CDC: Diabetes on the rise
Nearly 26 million Americans have diabetes -- 7 million of whom don't even know it -- according to new data out today from the Centers for Disease Control and Prevention.
The new figures mark an increase from 2008, when the agency found 23.6 million Americans with diabetes, nearly 8 percent of the population. The disease, characterized by high blood sugar, puts people at risk for heart attack, stroke, high blood pressure and kidney failure. It's the seventh leading cause of death in the nation.
The CDC also found an increase for what can be a precursor to diabetes, known as prediabetes. Some 79 million adults in the U.S. have prediabetes in which blood sugar is elevated, just not to the threshold considered for a diabetes diagnosis, the CDC reports. Prediabetes increases a person's risk for not only diabetes, but also stroke and heart disease.
The findings suggest a real increase in cases as well as more people living longer with the disease. Changes in how testing is recorded could also play a role, the report stated.









Comments
The term borderline diabetes should be obsolete. There is no such condition. That is the equivalent of borderline pregnancy. Either you've got diabetes or you don't. If you have pre diabetes you are as jeopardized as when you have diabetes. Same damage in both conditions. Exercise is the only antidote. Stop eating too much at one sitting.

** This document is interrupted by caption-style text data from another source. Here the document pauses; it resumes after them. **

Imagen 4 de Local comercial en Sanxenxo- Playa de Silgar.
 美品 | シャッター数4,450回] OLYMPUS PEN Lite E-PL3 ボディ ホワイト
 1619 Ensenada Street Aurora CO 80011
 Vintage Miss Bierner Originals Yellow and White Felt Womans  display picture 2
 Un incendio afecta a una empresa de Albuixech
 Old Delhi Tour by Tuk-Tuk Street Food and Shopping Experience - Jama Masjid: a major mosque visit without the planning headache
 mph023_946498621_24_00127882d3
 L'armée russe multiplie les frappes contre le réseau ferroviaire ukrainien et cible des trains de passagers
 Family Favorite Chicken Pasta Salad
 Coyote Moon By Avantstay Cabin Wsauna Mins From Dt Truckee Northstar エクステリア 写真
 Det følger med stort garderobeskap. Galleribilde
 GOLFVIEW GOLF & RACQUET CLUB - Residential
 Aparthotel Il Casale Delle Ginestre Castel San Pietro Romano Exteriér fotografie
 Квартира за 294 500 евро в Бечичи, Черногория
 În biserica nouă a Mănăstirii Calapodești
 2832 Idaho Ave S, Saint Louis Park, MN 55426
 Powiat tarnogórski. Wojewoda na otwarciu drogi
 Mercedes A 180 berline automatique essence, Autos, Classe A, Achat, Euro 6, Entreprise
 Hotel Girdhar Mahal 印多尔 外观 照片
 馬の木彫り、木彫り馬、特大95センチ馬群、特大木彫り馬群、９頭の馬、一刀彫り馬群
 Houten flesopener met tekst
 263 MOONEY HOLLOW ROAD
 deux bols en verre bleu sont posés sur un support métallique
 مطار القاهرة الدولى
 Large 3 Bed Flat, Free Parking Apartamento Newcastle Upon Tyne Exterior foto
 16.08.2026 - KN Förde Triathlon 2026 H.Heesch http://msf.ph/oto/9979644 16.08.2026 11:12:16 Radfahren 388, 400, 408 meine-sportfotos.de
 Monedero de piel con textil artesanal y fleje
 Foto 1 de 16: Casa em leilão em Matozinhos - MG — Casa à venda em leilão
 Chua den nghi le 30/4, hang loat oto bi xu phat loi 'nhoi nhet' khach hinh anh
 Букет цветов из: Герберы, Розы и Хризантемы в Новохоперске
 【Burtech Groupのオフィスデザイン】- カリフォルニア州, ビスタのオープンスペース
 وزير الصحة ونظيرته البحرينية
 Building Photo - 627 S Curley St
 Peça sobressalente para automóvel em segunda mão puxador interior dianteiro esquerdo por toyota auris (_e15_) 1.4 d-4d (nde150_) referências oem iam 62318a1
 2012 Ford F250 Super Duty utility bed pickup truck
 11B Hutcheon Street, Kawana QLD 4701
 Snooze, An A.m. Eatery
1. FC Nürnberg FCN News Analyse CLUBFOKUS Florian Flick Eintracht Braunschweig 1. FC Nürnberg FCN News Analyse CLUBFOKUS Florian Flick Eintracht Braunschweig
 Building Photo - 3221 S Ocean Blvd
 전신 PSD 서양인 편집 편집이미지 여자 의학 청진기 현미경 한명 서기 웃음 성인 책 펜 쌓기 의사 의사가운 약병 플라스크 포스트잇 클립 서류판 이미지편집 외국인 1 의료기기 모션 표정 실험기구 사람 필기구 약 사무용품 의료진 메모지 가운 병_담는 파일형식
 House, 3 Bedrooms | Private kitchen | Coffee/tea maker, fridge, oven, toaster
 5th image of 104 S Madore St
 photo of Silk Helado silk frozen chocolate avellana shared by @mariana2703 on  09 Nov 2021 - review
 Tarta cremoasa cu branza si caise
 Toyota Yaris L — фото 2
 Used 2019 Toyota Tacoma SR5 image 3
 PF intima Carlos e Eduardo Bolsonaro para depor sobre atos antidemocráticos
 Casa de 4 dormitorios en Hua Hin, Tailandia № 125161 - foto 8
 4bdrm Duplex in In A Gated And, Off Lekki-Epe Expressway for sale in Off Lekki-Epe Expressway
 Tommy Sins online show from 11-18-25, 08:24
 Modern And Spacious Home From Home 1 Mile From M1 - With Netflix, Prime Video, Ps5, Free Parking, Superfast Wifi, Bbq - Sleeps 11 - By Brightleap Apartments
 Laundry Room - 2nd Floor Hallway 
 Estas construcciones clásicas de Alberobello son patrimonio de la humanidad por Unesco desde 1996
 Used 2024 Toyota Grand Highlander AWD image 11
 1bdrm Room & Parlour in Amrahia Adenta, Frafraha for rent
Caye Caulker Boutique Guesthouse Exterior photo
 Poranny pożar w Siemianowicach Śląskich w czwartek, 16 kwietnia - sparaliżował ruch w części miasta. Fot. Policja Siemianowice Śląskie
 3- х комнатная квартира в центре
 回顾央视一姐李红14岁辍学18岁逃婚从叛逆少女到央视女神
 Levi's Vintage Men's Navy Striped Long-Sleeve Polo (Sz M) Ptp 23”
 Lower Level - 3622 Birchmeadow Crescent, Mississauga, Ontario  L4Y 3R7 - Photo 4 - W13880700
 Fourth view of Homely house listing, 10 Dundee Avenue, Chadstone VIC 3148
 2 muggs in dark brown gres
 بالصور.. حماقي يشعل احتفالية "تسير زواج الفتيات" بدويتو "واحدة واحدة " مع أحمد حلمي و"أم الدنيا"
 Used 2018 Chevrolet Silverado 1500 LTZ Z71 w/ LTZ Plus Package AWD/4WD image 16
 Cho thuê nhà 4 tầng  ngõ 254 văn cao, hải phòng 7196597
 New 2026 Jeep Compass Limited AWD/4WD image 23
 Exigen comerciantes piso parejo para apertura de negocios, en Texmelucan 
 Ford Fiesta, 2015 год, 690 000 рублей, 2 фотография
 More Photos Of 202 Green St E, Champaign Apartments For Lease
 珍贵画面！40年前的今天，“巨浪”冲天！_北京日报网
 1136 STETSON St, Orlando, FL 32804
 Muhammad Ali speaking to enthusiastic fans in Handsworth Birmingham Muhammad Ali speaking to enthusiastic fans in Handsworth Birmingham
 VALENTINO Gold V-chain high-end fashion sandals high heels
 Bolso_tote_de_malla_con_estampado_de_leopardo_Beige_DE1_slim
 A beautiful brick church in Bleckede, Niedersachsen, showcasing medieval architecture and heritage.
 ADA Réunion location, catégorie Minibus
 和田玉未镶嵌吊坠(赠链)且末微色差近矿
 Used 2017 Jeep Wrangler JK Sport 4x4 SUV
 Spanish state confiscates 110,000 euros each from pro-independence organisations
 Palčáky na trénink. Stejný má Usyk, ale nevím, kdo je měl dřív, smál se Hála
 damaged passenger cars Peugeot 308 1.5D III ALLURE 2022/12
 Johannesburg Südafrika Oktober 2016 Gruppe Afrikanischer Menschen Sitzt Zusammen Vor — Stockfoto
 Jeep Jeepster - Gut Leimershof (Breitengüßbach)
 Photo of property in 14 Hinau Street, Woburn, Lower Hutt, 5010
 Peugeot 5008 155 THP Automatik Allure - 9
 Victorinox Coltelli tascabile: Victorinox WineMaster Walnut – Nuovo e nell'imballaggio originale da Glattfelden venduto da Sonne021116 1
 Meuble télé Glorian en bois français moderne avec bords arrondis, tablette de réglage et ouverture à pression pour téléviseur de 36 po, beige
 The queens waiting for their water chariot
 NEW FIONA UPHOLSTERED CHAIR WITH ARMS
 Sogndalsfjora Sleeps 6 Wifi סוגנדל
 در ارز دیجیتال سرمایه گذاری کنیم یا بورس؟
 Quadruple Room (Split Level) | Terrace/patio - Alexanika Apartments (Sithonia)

Divide your calories in small frequent meals and don't overwhelm your pancreas. This is a disease as deadly as cancer if not more--it should be renamed metabolic cancer. The incidence of cancer is very high in diabetics as it is in the obese. Both conditions cause an increase in inflammatory substances and in diabetes there is an increase in growth factors of all sorts. The growth factors are what lead to proliferative retinopathy in the eyes and to cancers--particularly pancreatic cancer.